ECLI:NL:RVS:2005:AU3356
Raad van State
- Voorlopige voorziening+bodemzaak
- Th.G. Drupsteen
- R. van Heusden
- Rechtspraak.nl
Verzet tegen niet-ontvankelijk verklaring van beroep inzake grondwateronttrekking door college van gedeputeerde staten van Zuid-Holland
In deze zaak heeft de Afdeling bestuursrechtspraak van de Raad van State op 21 september 2005 uitspraak gedaan over een verzoek tot het treffen van een voorlopige voorziening en het verzet van de stichting "Stichting Belangen Stationsweg Hillegom" tegen een eerdere uitspraak van 11 augustus 2005. In die eerdere uitspraak werd het beroep van de stichting tegen een besluit van het college van gedeputeerde staten van Zuid-Holland van 25 april 2005 niet-ontvankelijk verklaard. De stichting had geen bedenkingen ingediend tegen het ontwerp van het besluit, waardoor zij geen beroepsrecht kon ontlenen aan de Wet milieubeheer.
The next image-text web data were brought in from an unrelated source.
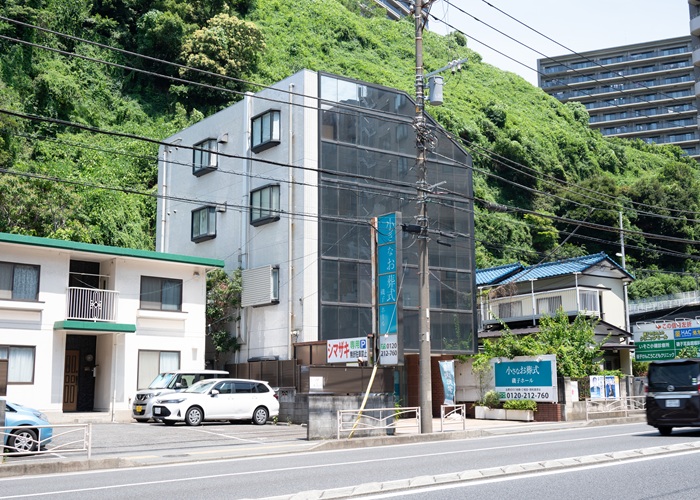 小さなお葬式 磯子ホール 写真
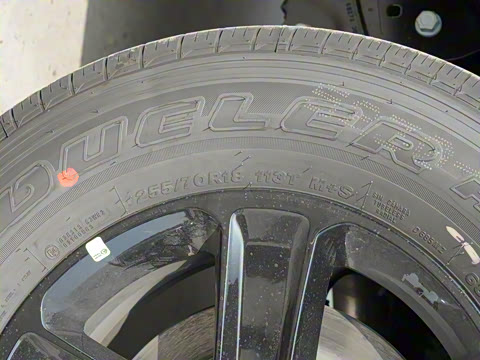 2022款 2.0T 高地四门版 2022款 2.0T 高地四门版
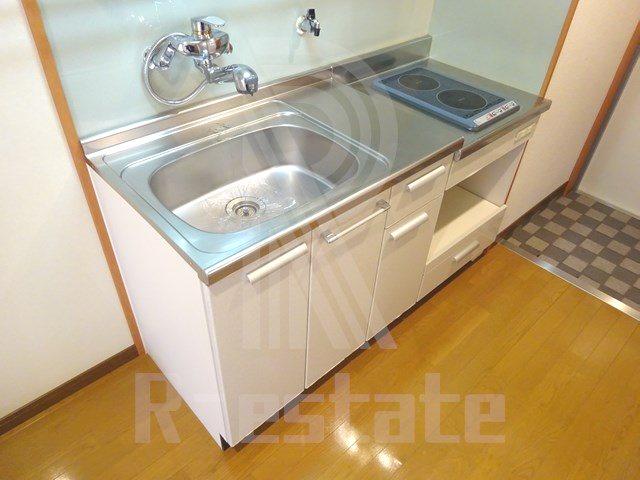 ロイヤル博多駅東84 キッチン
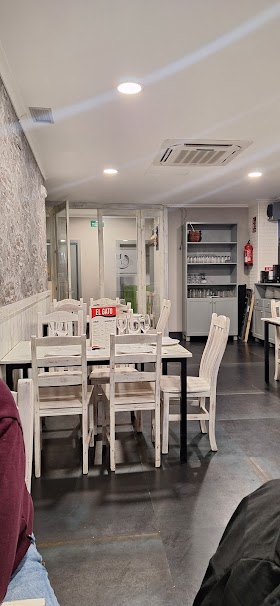 El Gato Bar - Cafetería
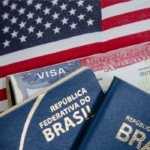 EUA interrompem serviços em embaixada e consulados no Brasil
De stichting heeft verzet aangetekend en verzocht om een voorlopige voorziening, omdat zij pas na het verstrijken van de termijn voor het indienen van bedenkingen op de hoogte was geraakt van mogelijke schade aan omliggende woningen door de onttrekking van grondwater. Tijdens de zitting op 5 september 2005 is de zaak behandeld, waarbij de stichting werd vertegenwoordigd door F.J. van Haren en het college door L.C. Aben. Ook andere partijen waren aanwezig, waaronder vertegenwoordigers van de gemeente Hillegom.
De Voorzitter van de Afdeling, Th.G. Drupsteen, heeft in zijn overwegingen geconcludeerd dat de stichting geen nieuwe feiten of omstandigheden heeft aangedragen die niet al in de eerdere uitspraak zijn behandeld. Het verzet werd ongegrond verklaard, en het verzoek om een voorlopige voorziening werd afgewezen. De uitspraak benadrukt het belang van het indienen van bedenkingen binnen de gestelde termijnen en de verantwoordelijkheid van burgers om zich tijdig te informeren over de gevolgen van besluiten die hen aangaan.